Although the nation's housing inventory is at its lowest level since 2005, and although Mark Zandi, chief economist for Moody's Analytics, is projecting home value increases of 5 to 10% by 2014-2015, a more sobering assessment of where we've been and where we're headed was offered on 26 January by Bob Schiller, co-founder of the S&P Case/Schiller Composite Index.

According to Mr. Schiller, Americans have experienced only two major real estate bubbles in the past century:  the one we are still recovering from (1977-2006) that shot home values skyward 86% in real terms and the one we experienced during and after World War II (1942-1953), when real prices rose 68%.  It is thus doubtful another major bubble will materialize any time soon.
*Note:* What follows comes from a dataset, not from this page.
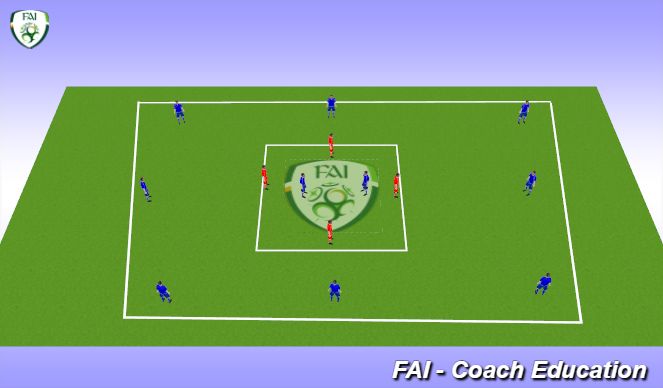 Football/Soccer Session Plan Drill (Colour): Defending Possession Drill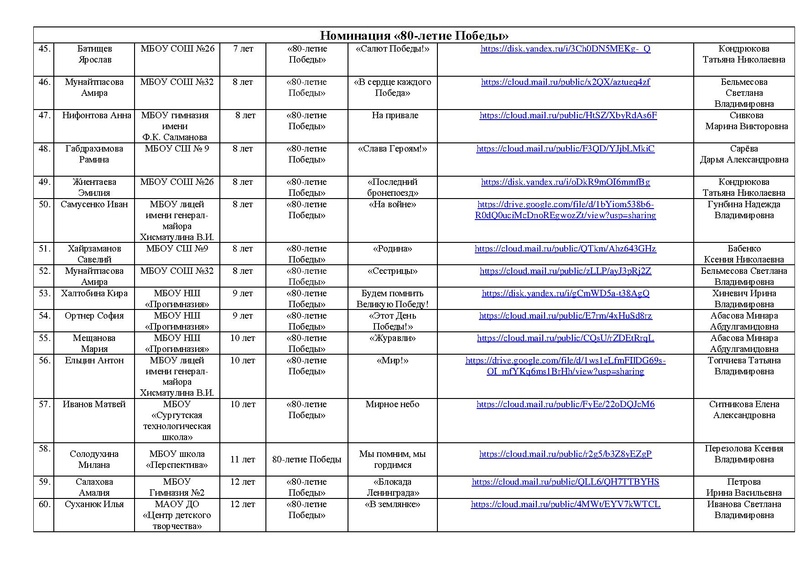 Файл:Заявка РОССИЯ -СТРАНА ДЕТСТВА 2025 на сайт.pdf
The value increases of the recent upswing, Mr. Schiller notes, were "almost completely reversed by 2012."  Along with most experts, he is not predicting any big change in home prices in the near term.  Increases for the next half-decade will be modest, "implying inflation-adjusted price growth of 1 to 2 percent a year."
Owing to improving industry fundamentals, about which I wrote in my last Market Watch, our long-standing buyers' marketplace is beginning once again to favor sellers.  Even without significant increases in home prices expected anytime soon, this is something for which all home owners can be grateful.


1 JANUARY 2013

I bring glad tidings: the real estate industry's fundamentals appear sufficeitnly sound (at last!) to augur continued recovery in 2013. Let's recap the marvelous developments the country witnessed in 2012:

  1. Revised, sustained demand for product from traditional buyers (as opposed to investors);
  2. Sharp declines in the number of resale homes available for purchase;
  3. Continued under-production of new construction homes relative to natural increases in population (household formation and immigration);
  4. The lowest annual mortgage rate average (3.66%) in more than sixty-five years (WSJ, 12/28);
  5. Modestly rising sales prices;
  6. Rising rents.

We have waited for some years for such a happy confluence of circumstances to arise. Already in 2012 buyers, beginning to feel a sense of urgency to purchase, were frustrated by the dearth of attractive resale inventory. In 2013 we should see significantly improved results for sellers offering good product priced right for today's market.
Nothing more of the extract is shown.